After reading out the email, the Kuwaiti Ambassador started by saying, “Ghazi al-Gosaibi was a poet, the ambassador, the author and the minister. He was really larger than life. Well, as you know, many have written many articles about him, with many interviews; they have covered about all aspects of his life, professionally and personally. I will speak briefly professionally and personally to say a few words about my friendship with that great man.”

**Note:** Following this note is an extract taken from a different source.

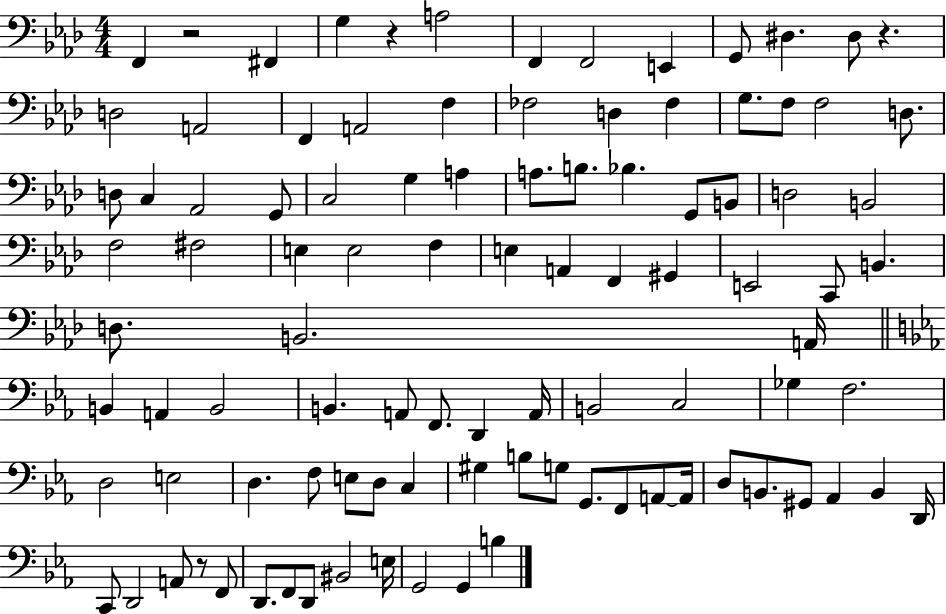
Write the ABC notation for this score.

Ambassador al-Duwaisan said, “Ghazi was very well known and loved among us as Kuwaitis. Kuwaitis will never forget him; his greater role during the Iraqi invasion of Kuwait. He stood besides Kuwait as a giant. He attacked the late President (Saddam Hussein) and his behaviour and that has caused damage to the Arabs and Muslims in the long run and yet he was absolutely right.”

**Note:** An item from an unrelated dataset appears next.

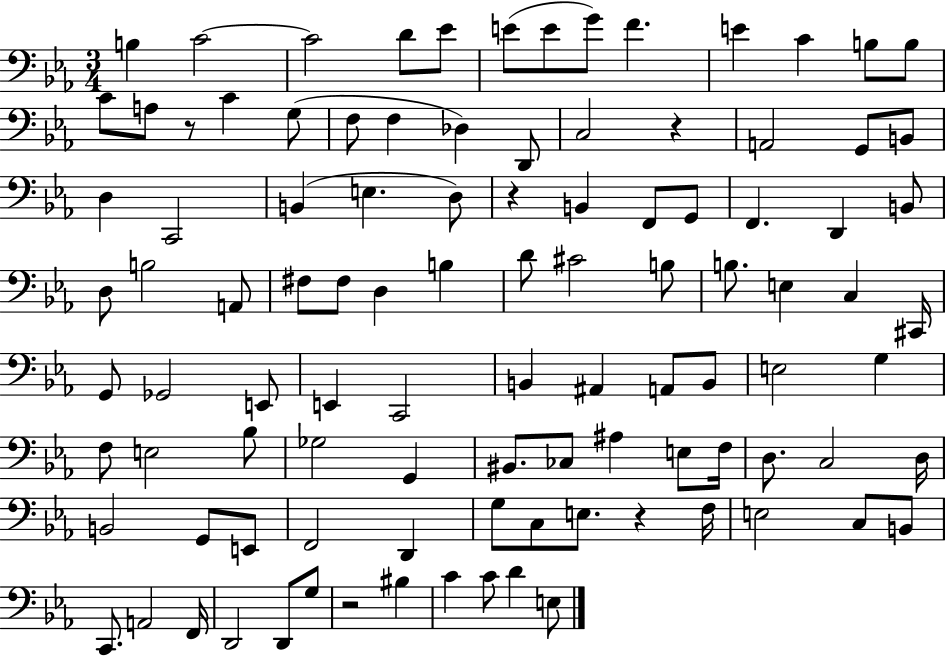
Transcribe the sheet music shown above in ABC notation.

Speaking about his first meeting with Dr. Ghazi after arriving in London in 1993, Ambassador al-Duwaisan mentioned, “I was so impressed about his knowledge on any subject and since then we became best friends. I was following his activities as an Ambassador to his country and admired his dedication to serve not only the Kingdom of Saudi Arabia but all the Arab cause. Nobody can forget his defiance to some writers here in Britain and the defence of the Arab causes and his ability to portray his case with dignity and elegance.”

Besides his professional life, Ghazi had a tremendous sense of humour and he was never shy of practical jokes, said Ambassador al-Duwaisan.

“Dr. Ghazi was in every sense a remarkable man; it’s a great loss not only for his family and friends but for the Arab and the Muslim world. May God bless his soul, prayed Ambassador al-Duwaisan.

Former Cabinet Minister. Jonathan Aitken
Former Conservative Cabinet Minister and ex-MP, Jonathan Aitken first met Dr. Ghazi al-Gosaibi 35 years ago. “I first met exactly 35 years ago when he was Minister of electricity and I called on his office here and he was a very young minister. I was also a young in the Parliament.”

Former Minister Aitken mentioned, “Of course, I remember him best as an Ambassador. He was a wonderful Ambassador here ten years. He was not a conventional Ambassador and up to that point Saudi Ambassadors have been rather shy; retiring figures. These words could not be used for Dr Ghazi. Quite early in his ten years, he engaged tremendously well with parliamentarians. I was running something called British-Saudi Arabian Parliamentary Group and he would come and argue and engaged and answered questions with tremendous vigour in the House of Commons. Ghazi even in the diplomatic reception he would be vigorous.”

“He was very cunning Ambassador, hospitable, courteous, very loyal, and passionate and we had different issues when I was in the cabinet,” remarked Aitken.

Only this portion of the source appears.